The private equity owners of QHotels are preparing to put the business up for sale in a process expected to raise £650m.
Sankaty Advisors and Canyon Capital have appointed Rothschild to find a buyer for the luxury hotel and golf resort business just over a year after they acquired its debt via the Irish Banking Resolution Corporation’s €7bn (£5.1bn) Project Rock sell-off.
The joint venture between Bain Capital-owned Sankaty and Los Angeles-based hedge fund Canyon Capital bought the loans for around £350m.
They have since added six hotels to the portfolio, acquired from De Vere hotels and golf resorts in November last year, for around £160m.
The total QHotels portfolio consists of 27 properties, comprising 3,800 bedrooms, including the Westerwood Hotel & Golf Resort in Glasgow, and Hellidon Lakes Golf & Spa Hotel in Northamptonshire. The trophy hotel in the portfolio is The Midland in Manchester, valued at circa £59m.

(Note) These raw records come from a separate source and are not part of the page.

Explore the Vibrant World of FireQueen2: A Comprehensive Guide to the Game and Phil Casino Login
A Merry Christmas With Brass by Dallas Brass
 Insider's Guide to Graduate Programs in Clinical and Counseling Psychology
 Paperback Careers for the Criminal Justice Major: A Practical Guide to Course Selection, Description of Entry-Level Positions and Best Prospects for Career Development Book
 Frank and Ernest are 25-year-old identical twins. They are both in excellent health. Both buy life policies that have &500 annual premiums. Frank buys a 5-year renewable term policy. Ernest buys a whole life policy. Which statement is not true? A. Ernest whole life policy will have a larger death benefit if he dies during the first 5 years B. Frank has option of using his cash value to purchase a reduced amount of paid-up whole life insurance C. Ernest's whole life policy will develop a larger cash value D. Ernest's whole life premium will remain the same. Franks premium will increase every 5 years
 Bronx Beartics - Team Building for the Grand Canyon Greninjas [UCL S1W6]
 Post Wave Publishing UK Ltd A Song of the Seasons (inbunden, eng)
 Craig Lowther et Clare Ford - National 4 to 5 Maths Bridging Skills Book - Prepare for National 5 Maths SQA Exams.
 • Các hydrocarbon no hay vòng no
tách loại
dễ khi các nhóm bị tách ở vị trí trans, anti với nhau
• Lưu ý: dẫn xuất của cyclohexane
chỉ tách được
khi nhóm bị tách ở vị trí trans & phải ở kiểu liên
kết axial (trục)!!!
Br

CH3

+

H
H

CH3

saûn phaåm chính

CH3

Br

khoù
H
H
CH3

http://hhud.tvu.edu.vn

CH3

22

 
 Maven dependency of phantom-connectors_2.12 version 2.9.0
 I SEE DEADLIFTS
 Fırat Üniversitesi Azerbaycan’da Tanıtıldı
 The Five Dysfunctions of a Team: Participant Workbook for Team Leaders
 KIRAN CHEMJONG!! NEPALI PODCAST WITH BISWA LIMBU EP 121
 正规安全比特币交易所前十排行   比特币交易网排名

The hotel brand, set up in 2003 by Michael Purtill as Quintessential Hotels and backed by Alchemy Partners, went into administration in 2013.
A QHotels spokesman said: “The hotel sector is showing strong financial performance and demonstrating good returns. In periods like this it is absolutely normal for investors such as ours to look at the market and the opportunities that exist.”
The sale is the latest in a string of high-profile hotel portfolios to be put on the market totalling more than £1.3bn.
These include Kew Green Hotels, Jupiter Hotels, Malmaison and Hotel du Vin, Chapter Hotels, the Mint Portfolio of Double Tree hotels, and Starwood’s De Vere and Principal Hayley hotels.
Gerard Nolan of Gerard Nolan & Partners said: “Regional hotels are improving on trade, and investors are still interested in good returns, underlying tenant demand, low inflation and the general opinion that the UK economy is growing, and that hotels are a barometer of this.”